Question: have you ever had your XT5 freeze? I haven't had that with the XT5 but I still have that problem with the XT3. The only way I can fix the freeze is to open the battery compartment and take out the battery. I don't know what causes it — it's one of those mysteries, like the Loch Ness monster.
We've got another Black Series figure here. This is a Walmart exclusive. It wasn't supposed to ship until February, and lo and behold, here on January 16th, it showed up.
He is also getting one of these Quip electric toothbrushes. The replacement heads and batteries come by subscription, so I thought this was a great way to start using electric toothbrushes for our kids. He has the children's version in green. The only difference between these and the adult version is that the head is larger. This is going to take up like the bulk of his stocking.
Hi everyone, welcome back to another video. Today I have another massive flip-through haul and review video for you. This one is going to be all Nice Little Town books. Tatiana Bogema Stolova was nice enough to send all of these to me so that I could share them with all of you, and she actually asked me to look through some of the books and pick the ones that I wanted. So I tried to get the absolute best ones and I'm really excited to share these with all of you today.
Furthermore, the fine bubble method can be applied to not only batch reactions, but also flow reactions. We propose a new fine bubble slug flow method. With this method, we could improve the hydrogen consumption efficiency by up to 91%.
═══
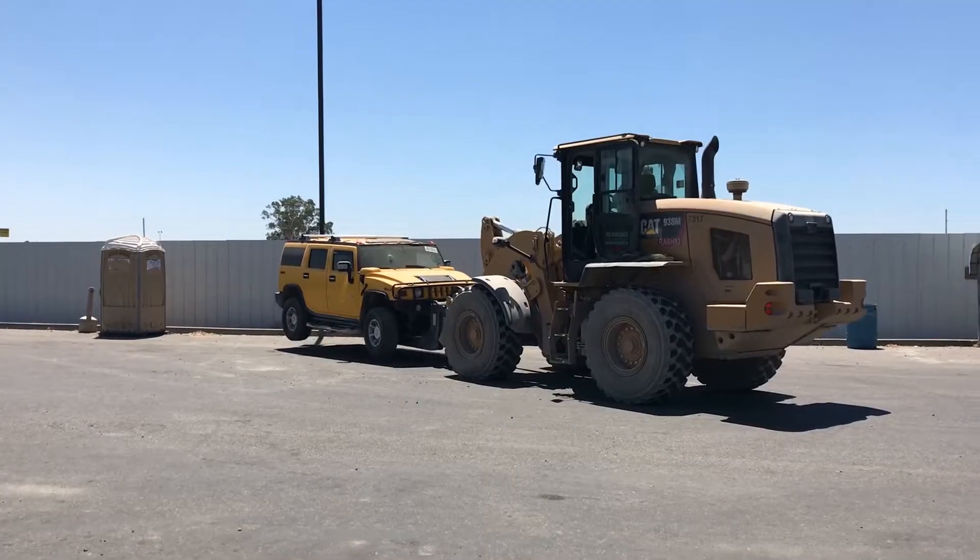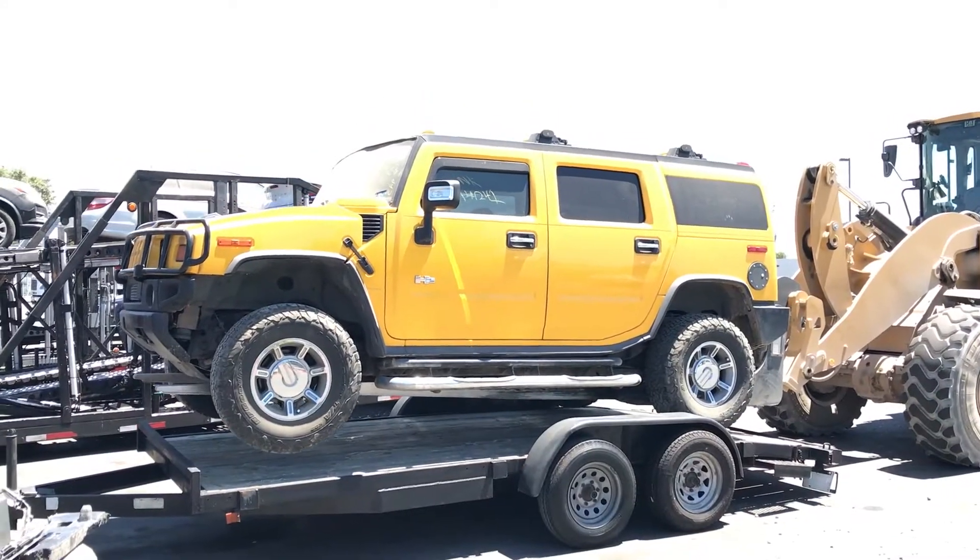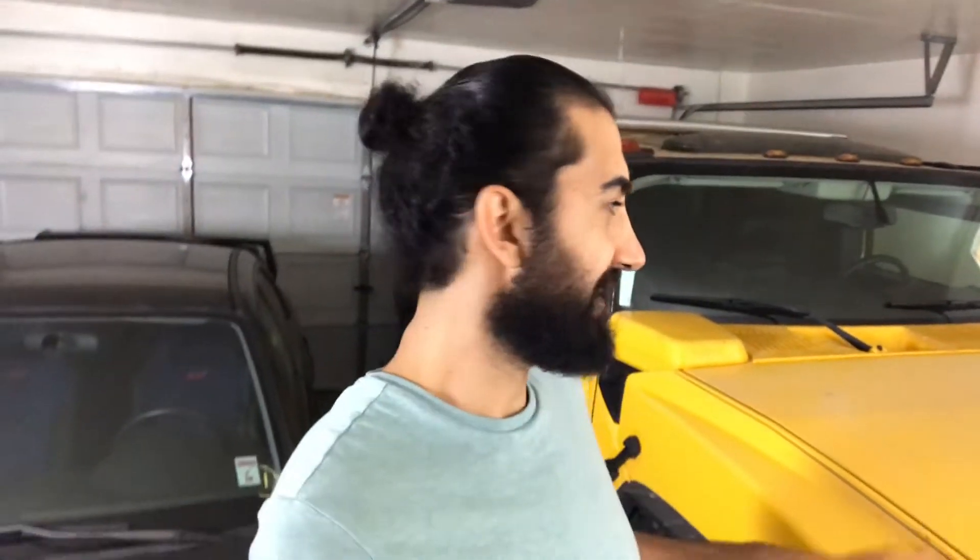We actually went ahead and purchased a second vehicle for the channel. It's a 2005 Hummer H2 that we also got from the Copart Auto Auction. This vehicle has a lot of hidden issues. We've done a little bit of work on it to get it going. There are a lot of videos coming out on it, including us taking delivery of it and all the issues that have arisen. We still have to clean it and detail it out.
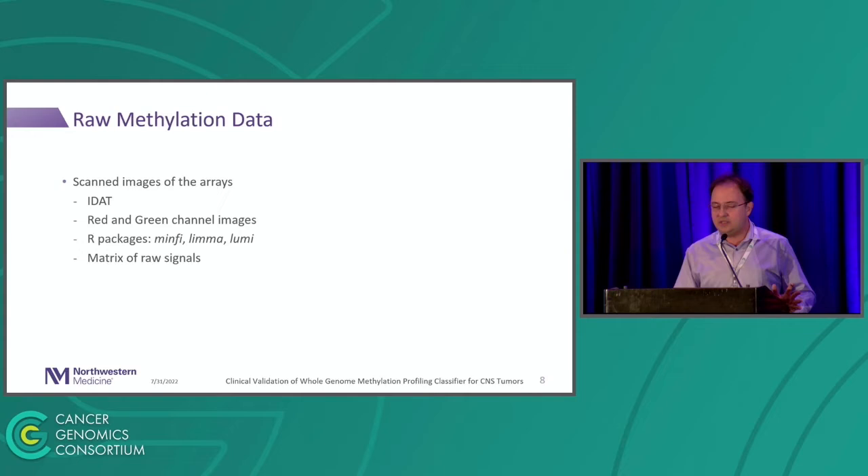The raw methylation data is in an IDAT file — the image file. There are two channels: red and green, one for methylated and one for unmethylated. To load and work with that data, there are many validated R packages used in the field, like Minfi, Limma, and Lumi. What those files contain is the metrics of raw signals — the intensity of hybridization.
═══
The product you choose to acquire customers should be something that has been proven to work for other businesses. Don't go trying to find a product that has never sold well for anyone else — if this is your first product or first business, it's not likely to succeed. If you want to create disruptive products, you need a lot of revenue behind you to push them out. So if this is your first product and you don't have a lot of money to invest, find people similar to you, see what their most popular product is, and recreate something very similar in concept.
═══
§ **Problem statement**
Take the entries above and return only the lines from the one with "Hi everyone, welcome" to the one with "Furthermore, the fine", both included, unchanged.

§ **The answer**
Hi everyone, welcome back to another video. Today I have another massive flip-through haul and review video for you. This one is going to be all Nice Little Town books. Tatiana Bogema Stolova was nice enough to send all of these to me so that I could share them with all of you, and she actually asked me to look through some of the books and pick the ones that I wanted. So I tried to get the absolute best ones and I'm really excited to share these with all of you today.
Furthermore, the fine bubble method can be applied to not only batch reactions, but also flow reactions. We propose a new fine bubble slug flow method. With this method, we could improve the hydrogen consumption efficiency by up to 91%.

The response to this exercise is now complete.